MIT chemistry professor Daniel Nocera has been studying sustainable energy for a long while, and with his latest effort, he hopes that a chemical process similar to photosynthesis can reduce dependence on fossil fuels in the first and third worlds.
Nocera’s “artificial leaf” is a cheap fuel cell the size of a playing card. Leave it in a pool of water exposed to sunlight, and it will use the solar energy to split the water into oxygen and hydrogen, which will be used to power an electricity-producing fuel cell. (Technically, this makes the process involved electrolysis rather than photosynthesis, since there is no production of sugar or other organic compounds involved.)

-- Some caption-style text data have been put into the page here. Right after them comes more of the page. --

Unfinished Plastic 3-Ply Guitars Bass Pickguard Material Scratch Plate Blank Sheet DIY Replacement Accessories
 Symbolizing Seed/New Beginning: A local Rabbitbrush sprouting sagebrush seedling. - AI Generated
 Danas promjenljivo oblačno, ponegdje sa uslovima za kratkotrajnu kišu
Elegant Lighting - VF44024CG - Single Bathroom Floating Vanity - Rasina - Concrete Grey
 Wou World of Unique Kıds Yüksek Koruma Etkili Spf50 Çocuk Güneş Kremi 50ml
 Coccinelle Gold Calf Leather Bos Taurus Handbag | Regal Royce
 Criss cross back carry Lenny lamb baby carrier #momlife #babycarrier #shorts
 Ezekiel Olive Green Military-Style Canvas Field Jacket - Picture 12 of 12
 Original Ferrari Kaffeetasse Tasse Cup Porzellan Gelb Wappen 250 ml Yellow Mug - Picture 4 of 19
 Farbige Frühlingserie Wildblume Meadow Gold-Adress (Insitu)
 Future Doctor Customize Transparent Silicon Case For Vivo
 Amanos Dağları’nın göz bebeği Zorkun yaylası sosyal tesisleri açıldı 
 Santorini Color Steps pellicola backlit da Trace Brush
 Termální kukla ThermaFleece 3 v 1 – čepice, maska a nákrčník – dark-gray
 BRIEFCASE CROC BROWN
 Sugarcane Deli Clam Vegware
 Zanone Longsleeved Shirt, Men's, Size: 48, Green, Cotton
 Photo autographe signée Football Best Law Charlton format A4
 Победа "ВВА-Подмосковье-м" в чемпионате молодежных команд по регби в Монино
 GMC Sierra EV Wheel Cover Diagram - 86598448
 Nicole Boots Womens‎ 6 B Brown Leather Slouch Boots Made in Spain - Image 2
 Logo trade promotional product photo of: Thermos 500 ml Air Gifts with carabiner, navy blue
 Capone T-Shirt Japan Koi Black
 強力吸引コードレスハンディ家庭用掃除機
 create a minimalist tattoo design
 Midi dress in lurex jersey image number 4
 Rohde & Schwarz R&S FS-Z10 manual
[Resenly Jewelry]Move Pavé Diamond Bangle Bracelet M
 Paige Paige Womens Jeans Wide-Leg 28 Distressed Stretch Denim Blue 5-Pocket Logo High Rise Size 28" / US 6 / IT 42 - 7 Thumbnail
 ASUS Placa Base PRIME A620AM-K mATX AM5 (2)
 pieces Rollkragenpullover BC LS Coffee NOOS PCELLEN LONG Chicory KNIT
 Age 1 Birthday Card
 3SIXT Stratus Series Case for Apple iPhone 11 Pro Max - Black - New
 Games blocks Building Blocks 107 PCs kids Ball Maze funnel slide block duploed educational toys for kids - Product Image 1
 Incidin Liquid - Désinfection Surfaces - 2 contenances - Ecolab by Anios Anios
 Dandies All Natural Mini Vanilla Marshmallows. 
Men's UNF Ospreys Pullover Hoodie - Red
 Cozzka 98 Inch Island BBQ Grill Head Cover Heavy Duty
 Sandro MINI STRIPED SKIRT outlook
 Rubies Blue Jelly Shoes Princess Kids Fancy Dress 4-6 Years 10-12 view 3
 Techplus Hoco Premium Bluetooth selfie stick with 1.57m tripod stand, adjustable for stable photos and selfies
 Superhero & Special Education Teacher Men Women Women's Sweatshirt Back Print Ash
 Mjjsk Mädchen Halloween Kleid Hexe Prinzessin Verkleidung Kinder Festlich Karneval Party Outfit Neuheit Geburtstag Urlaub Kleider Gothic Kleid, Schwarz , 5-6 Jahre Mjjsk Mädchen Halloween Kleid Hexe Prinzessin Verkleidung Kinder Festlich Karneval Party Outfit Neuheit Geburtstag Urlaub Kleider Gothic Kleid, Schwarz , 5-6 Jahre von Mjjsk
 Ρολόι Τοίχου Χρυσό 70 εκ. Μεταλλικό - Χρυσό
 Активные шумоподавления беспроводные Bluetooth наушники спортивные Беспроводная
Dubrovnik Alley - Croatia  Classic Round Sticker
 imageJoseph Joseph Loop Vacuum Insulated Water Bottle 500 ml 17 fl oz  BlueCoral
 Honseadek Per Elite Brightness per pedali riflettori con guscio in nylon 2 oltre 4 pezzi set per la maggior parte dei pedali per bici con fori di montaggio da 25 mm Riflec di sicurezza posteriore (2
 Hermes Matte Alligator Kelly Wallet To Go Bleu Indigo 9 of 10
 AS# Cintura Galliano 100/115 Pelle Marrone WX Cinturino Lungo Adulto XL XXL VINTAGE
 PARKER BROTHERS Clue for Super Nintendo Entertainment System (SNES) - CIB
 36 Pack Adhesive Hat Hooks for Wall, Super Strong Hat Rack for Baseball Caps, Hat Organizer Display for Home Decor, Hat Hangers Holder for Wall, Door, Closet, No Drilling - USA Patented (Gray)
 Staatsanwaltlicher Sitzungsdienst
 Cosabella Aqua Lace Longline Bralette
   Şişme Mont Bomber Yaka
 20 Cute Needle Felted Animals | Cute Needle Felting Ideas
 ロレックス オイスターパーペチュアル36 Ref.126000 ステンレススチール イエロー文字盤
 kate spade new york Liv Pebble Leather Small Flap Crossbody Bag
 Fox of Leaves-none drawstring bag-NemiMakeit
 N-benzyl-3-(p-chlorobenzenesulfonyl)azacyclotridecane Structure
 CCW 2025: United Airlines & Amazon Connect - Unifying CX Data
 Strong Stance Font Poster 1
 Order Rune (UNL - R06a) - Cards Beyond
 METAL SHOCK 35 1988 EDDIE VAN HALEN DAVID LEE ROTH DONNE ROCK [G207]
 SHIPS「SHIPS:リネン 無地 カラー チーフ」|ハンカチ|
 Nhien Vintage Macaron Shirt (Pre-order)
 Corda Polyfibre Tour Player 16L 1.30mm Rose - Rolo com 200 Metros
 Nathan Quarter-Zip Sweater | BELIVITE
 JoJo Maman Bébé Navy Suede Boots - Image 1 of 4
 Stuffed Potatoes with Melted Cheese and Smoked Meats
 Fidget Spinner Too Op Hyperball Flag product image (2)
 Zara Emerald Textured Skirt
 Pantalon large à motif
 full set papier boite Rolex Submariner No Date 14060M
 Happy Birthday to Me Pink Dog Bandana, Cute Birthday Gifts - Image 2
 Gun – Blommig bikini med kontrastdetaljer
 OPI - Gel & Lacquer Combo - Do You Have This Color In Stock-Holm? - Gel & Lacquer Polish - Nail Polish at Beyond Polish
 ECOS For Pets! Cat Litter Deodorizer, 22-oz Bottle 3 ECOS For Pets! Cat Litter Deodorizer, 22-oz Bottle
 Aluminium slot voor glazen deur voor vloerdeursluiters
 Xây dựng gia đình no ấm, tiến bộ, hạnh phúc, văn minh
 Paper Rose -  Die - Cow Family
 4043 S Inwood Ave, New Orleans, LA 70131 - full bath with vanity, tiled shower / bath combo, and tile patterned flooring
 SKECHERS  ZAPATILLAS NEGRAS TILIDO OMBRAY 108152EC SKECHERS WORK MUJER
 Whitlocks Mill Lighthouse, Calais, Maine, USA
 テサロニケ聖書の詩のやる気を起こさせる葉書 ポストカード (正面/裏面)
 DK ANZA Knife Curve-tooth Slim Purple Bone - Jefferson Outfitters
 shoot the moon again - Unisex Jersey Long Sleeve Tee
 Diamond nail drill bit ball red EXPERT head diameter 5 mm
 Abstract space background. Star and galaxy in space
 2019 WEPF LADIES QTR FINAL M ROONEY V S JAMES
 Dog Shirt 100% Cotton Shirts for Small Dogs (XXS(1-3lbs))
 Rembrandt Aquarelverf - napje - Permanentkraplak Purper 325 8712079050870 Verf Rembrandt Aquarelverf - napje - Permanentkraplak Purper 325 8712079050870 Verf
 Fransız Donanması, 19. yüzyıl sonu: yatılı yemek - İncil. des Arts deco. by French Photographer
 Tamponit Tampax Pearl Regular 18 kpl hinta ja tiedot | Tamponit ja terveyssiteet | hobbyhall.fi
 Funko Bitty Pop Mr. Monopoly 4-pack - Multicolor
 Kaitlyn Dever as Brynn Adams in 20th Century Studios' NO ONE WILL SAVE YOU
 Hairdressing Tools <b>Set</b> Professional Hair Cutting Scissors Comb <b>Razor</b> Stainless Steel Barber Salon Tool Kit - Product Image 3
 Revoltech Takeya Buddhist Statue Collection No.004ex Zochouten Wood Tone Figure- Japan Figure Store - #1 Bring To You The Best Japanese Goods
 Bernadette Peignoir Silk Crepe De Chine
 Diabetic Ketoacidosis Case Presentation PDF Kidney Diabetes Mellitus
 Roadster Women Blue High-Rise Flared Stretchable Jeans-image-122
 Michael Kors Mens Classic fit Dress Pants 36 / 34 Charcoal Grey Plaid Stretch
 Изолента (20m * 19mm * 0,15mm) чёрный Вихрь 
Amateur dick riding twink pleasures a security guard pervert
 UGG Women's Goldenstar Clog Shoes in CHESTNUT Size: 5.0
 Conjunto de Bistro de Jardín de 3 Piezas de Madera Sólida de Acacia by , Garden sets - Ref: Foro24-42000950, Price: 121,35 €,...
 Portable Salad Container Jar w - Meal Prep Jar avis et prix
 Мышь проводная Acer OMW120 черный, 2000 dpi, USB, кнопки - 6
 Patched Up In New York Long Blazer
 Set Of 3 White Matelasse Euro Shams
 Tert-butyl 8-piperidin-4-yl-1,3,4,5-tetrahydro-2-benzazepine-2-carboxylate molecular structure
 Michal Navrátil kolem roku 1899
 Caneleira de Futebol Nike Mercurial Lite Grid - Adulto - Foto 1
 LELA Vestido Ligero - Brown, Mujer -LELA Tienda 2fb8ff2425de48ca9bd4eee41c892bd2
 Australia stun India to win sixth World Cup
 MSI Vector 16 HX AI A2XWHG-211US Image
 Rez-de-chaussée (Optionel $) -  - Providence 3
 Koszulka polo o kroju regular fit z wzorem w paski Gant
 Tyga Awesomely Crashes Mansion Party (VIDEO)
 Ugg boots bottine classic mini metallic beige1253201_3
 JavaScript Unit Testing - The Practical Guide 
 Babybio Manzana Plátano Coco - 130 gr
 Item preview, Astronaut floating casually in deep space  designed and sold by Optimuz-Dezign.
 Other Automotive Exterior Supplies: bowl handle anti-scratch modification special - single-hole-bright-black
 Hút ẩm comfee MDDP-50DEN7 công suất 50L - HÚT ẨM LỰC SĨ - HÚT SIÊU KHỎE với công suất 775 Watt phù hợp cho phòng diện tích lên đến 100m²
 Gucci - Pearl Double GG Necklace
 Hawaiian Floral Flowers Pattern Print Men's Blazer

According to Nocera, all it takes is a gallon of water to power a house with moderate energy needs for a day:
With a single gallon of water, Nocera says, the chip could produce enough electricity to power a house in a developing country for an entire day. Provide every house on the planet with an artificial leaf and we could satisfy our 14 terrawatt need with just one gallon of water a day.
Those are impressive claims, but they’re also not just pie-in-the-sky, conceptual thoughts. Nocera has already signed a contract with a global megafirm to commercialise his groundbreaking idea. The mammoth Indian conglomerate, Tata Group has forged a deal with the MIT professor to build a small power plant, the size of a refrigerator, in about a year and a half.
One potentially large setback: In many of the developing countries in need of power, water is a very dear — and very limited — resource. However, power plants like we currently use are secretly water-guzzlers: One estimate has it that coal and nuclear plants go through 200 billion gallons of water every day in the U.S. alone. (h/t HN.)
Nocera’s fuel cell sounds like a most encouraging step in the right direction: Get something like this to work with salt water and we’d really be talking sustainability.